*Exercise:*
Give back, exactly as written, the lines of the listing from the top through the line holding "Extra Large Cable", and nothing more. Exclude pictures.

*Supplied records:*
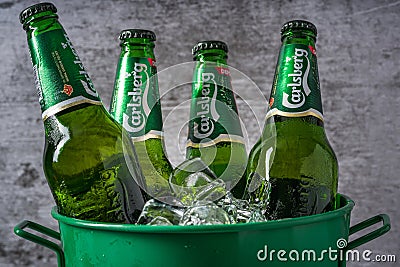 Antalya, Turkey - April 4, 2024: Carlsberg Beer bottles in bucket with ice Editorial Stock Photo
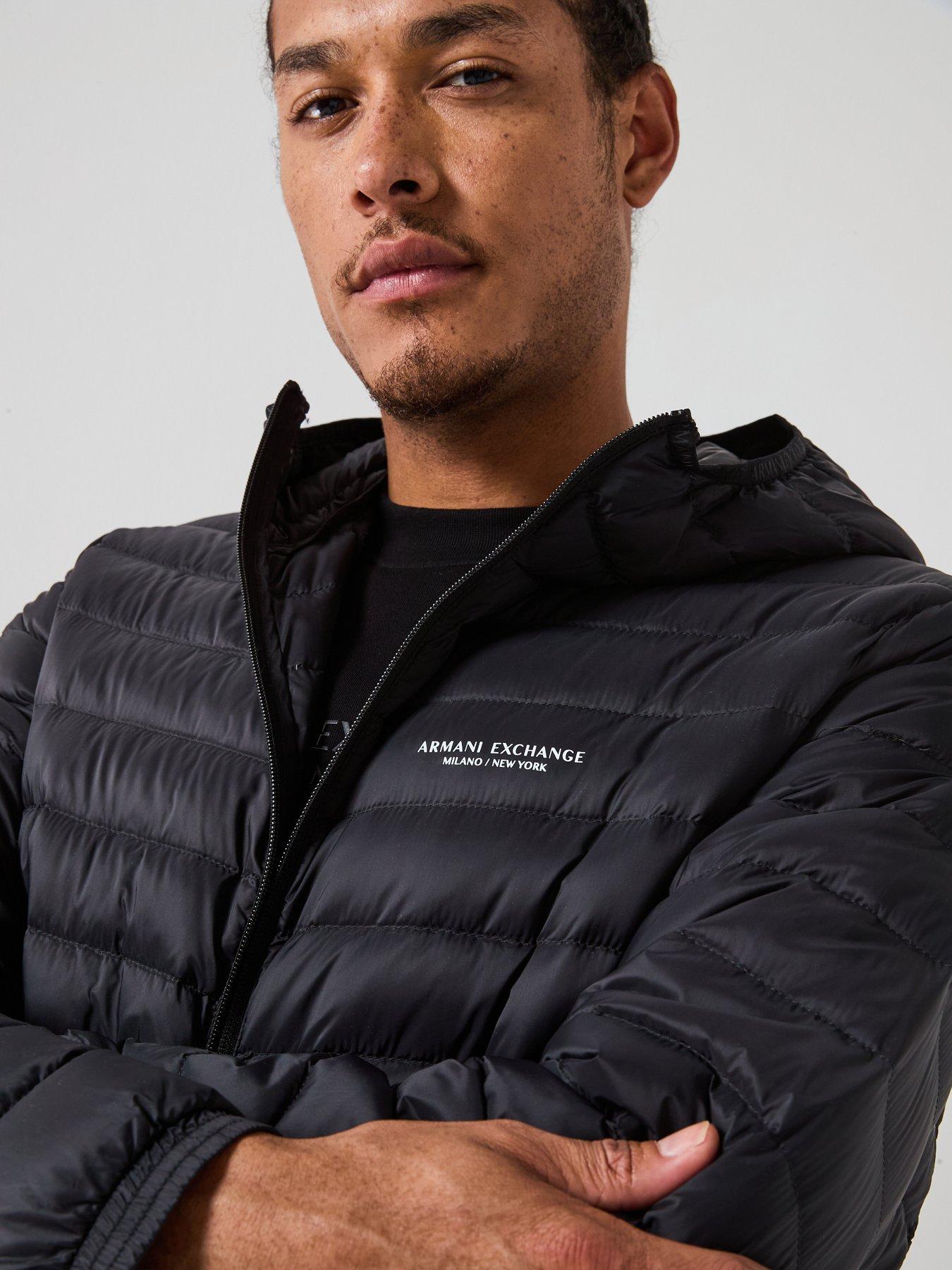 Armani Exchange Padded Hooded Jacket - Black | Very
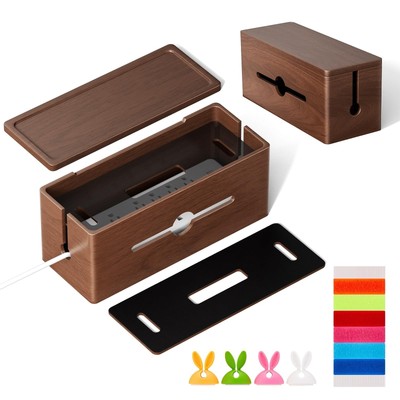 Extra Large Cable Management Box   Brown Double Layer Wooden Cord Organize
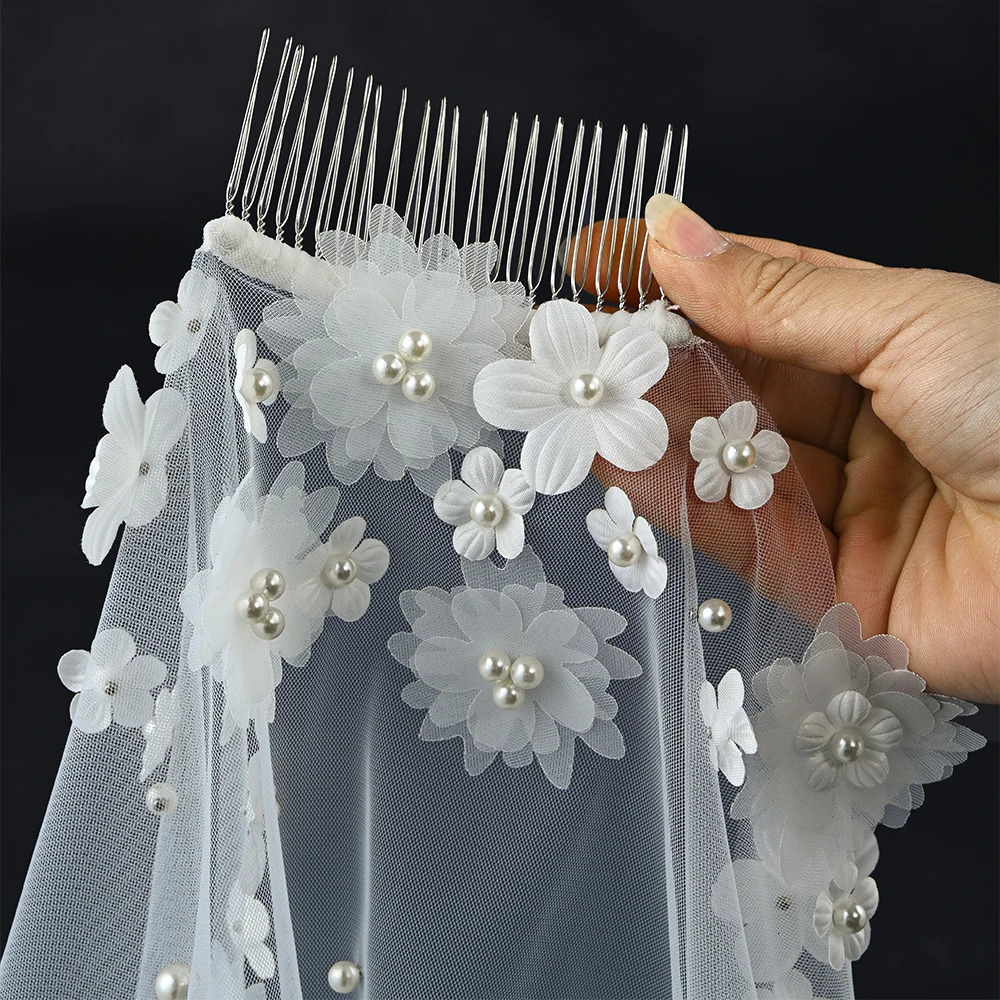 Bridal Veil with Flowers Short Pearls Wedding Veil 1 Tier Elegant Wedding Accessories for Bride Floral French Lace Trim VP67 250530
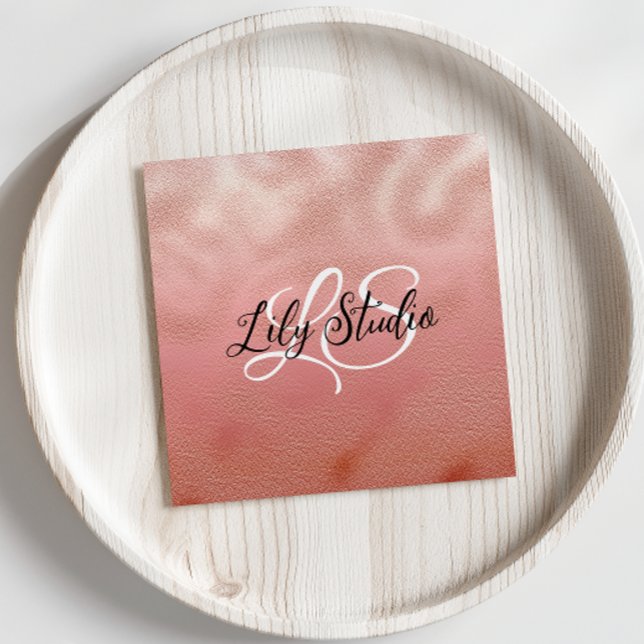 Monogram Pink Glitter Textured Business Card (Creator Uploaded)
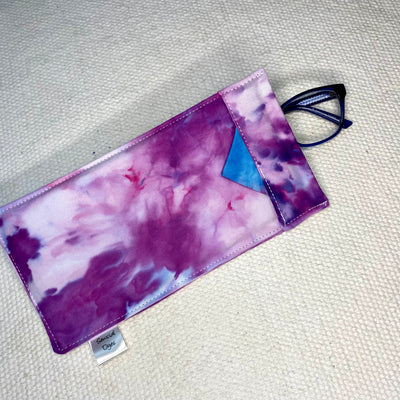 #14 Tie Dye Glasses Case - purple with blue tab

*Written answer:*
 Antalya, Turkey - April 4, 2024: Carlsberg Beer bottles in bucket with ice Editorial Stock Photo
 Armani Exchange Padded Hooded Jacket - Black | Very
 Extra Large Cable Management Box   Brown Double Layer Wooden Cord Organize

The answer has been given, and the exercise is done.